Paul writes to address some of these matters and to establish some policy for the function of this new institution called the church of Jesus Christ. It would involve grace, love and benevolence beyond anything that was to be found in the regular world of people. Yet at the same time, the church was not to be responsible for taking upon itself the expense and energy of caring for someone who should rightly have their organic family be responsible by priority to support their own.
Even the opening two verses of this section—directed to Timothy about his manner of interacting with categories of folks within the church—speaks of doing so in the form of a healthy family. This would involve respectful love and gentleness.
Yes, the church is a family. So it always confuses me and pains me when people do not lovingly care for and respect one another deeply in the family of faith. Under your own roof you would not ignore a person with a serious need, even if they did something to assist in bringing it upon themselves. So why would you walk a circle around a needy person in the church?
And I’ve always found it strange that people can so easily change church families without it creating relational havoc and deficits. A time may come when a new housing and living arrangement is simply necessary in the organic family, but you wouldn’t just up and leave the relatives behind without it being a big deal for everyone involved. So why would hopping from church family to church family be easy or healthy to do?
As well, in the organic family you would not just disappear unannounced for weeks at a time and only show up for holidays or when you had nothing better to do some other place. So why should anything less than regular church family interaction be seen as anything other than relationally unhealthy?
All the people sitting around you on a Sunday morning that are a regular part of the local church community are your spiritual relatives. There should be a deep level of affection and mutual care that seeks to meet genuine needs. It may not always be easy, but families are messy … yet necessary for success.
5:1 – Do not rebuke an older man harshly, but exhort him as if he were your father. Treat younger men as brothers, 2 older women as mothers, and younger women as sisters, with absolute purity.

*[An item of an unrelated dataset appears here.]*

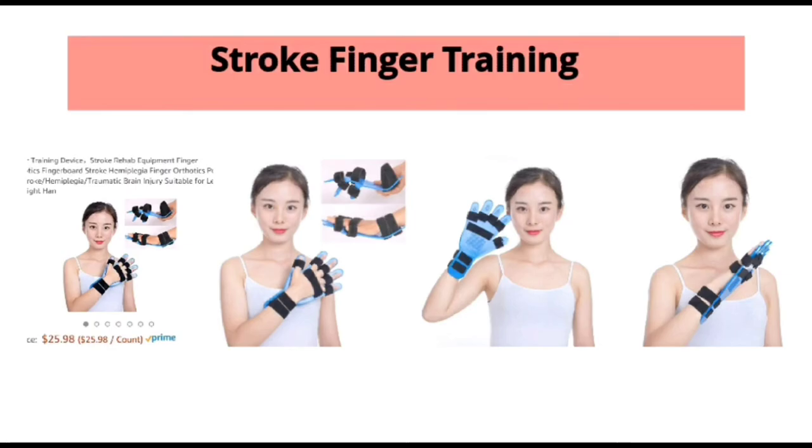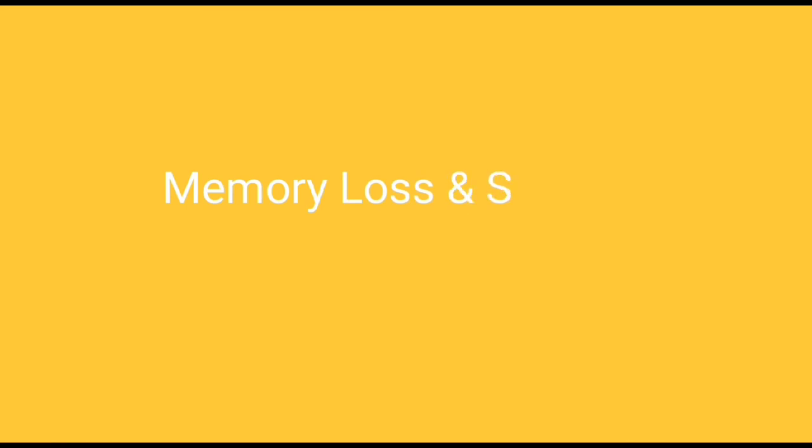Stroke finger training — this item can be purchased from Amazon. It is very useful for patients with stroke. It helps them move their fingers and hand, and it is a part of physical therapy.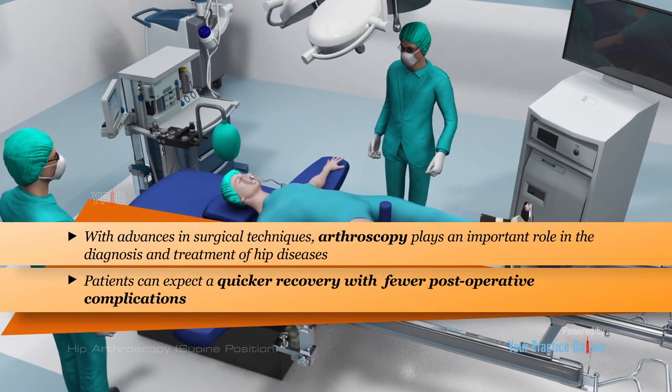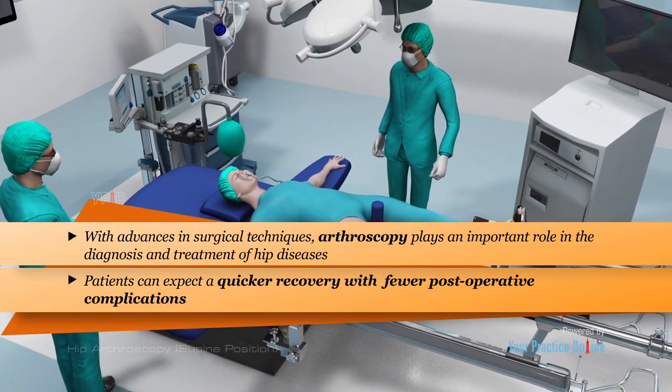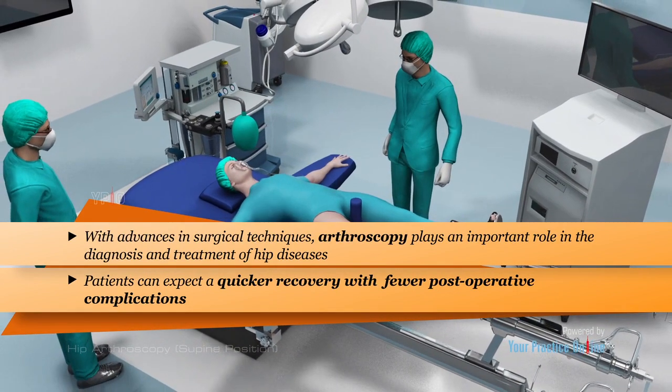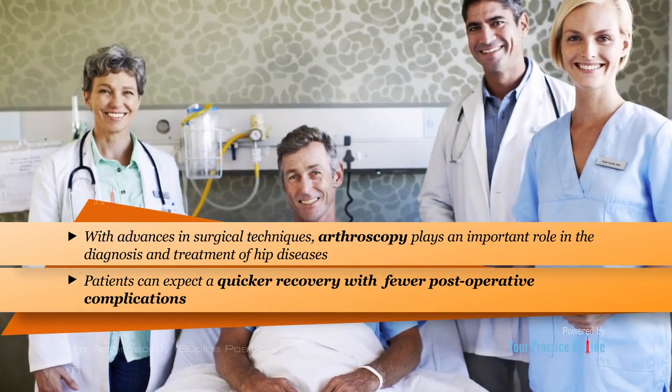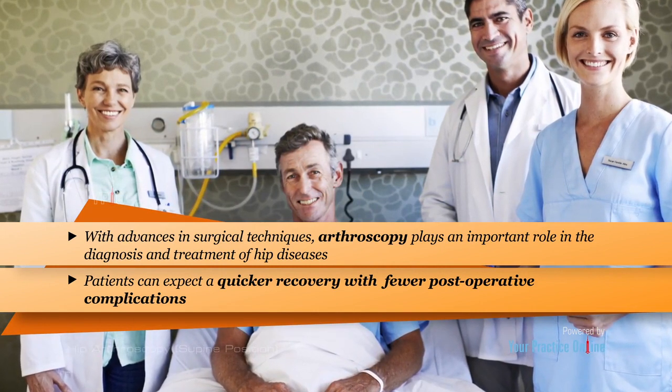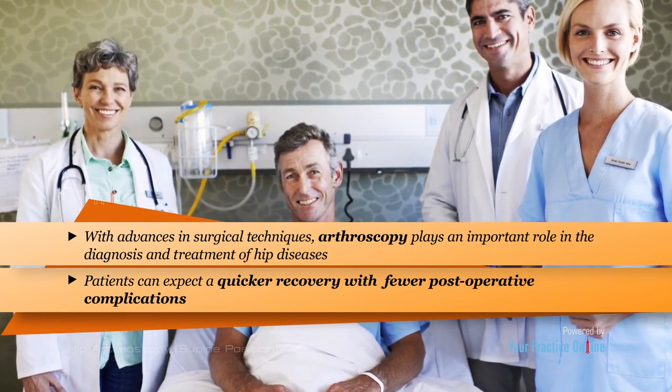With advances in surgical techniques, arthroscopy plays an important role in the diagnosis and treatment of hip diseases. Patients can expect a quicker recovery with fewer postoperative complications following hip arthroscopy when compared to open surgery.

3 Give proper recognition to those widows who are really in need. 4 But if a widow has children or grandchildren, these should learn first of all to put their religion into practice by caring for their own family and so repaying their parents and grandparents, for this is pleasing to God. 5 The widow who is really in need and left all alone puts her hope in God and continues night and day to pray and to ask God for help. 6 But the widow who lives for pleasure is dead even while she lives. 7 Give the people these instructions, so that no one may be open to blame. 8 Anyone who does not provide for their relatives, and especially for their own household, has denied the faith and is worse than an unbeliever.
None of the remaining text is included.